Payless Uses Web-Based 'Shoe Finder' To Link Customers And Products
Payless uses Web-based Shoe Finder application to help customers find the merchandise they want.
Payless ShoeSource Inc. caters to customers who have no qualms about browsing store aisles and trying on low-priced shoes--most of which cost less than $15--without waiting for help from an employee. Now, following that same low-cost approach, the company has a new system to help locate shoes, improve customer service, and boost sales to more than 225 million pairs of shoes a year.

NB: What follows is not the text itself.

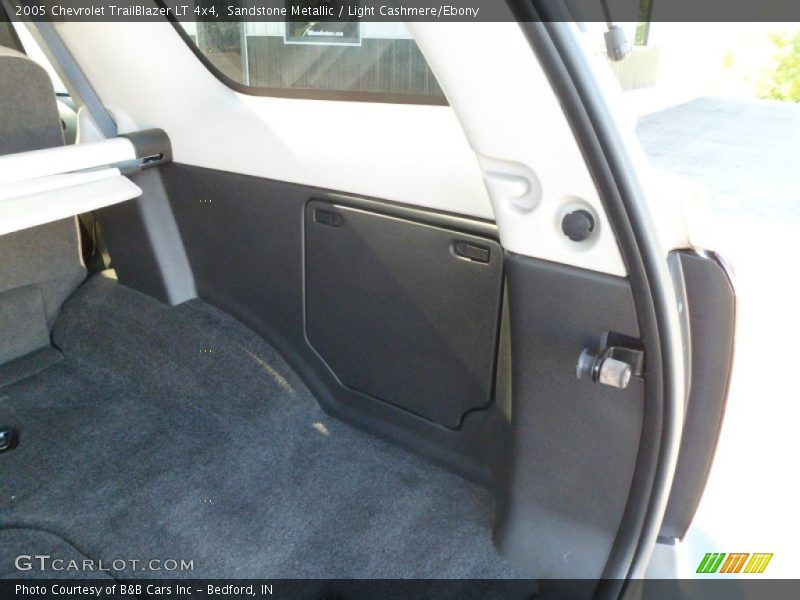 Sandstone Metallic / Light Cashmere/Ebony 2005 Chevrolet TrailBlazer LT 4x4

It's called, appropriately enough, Shoe Finder, the cornerstone application in a proprietary system Payless started developing 18 months ago and has just finished installing in its 4,700 U.S. stores. When shoppers can't find the shoe they want, sales associates consult Shoe Finder, a Web-enabled PC-based system, to locate the merchandise in a few seconds, either in the storeroom, in transit, at a neighboring Payless location, or on payless.com. The front- and back-office functions of each Payless store are linked, via the Web, to company headquarters in Topeka, Kan.
What makes the new system unique is that Payless shoppers receive a $1-off coupon if the shoes are located at another store. And, although Shoe Finder requires an associate's help, people still pick up their own shoes. "What is self-service? It isn't no service," says Dave VonFeldt, director of information systems development. "It's the appropriate amount with customers finding their shoes. And if they don't, helping them find it before they leave."
Another benefit to the new technology--Dell multimedia PCs running Microsoft Windows 2000 and called the retail performance support system--is that it provides online training for the company's 27,000 sales associates. That's important, VonFeldt says, because "our employees are fairly transient; we compete with fast food for many of them."
Payless customers use their coupons about half the time, and Shoe Finder leads to a sale about 80% of the time, based on results from the first stores that implemented the system 12 months ago, VonFeldt says. He wouldn't disclose the cost to develop Shoe Finder or the number of coupons stores have handed out.
Payless, which had $2.95 billion in sales last year, can use the coupons to monitor what merchandise is out of stock in a particular location, where customers make their final purchases, and what store referred them. In the past, stores were unwilling to send shoppers to another Payless since it meant losing a sale; now, they receive bonuses for it.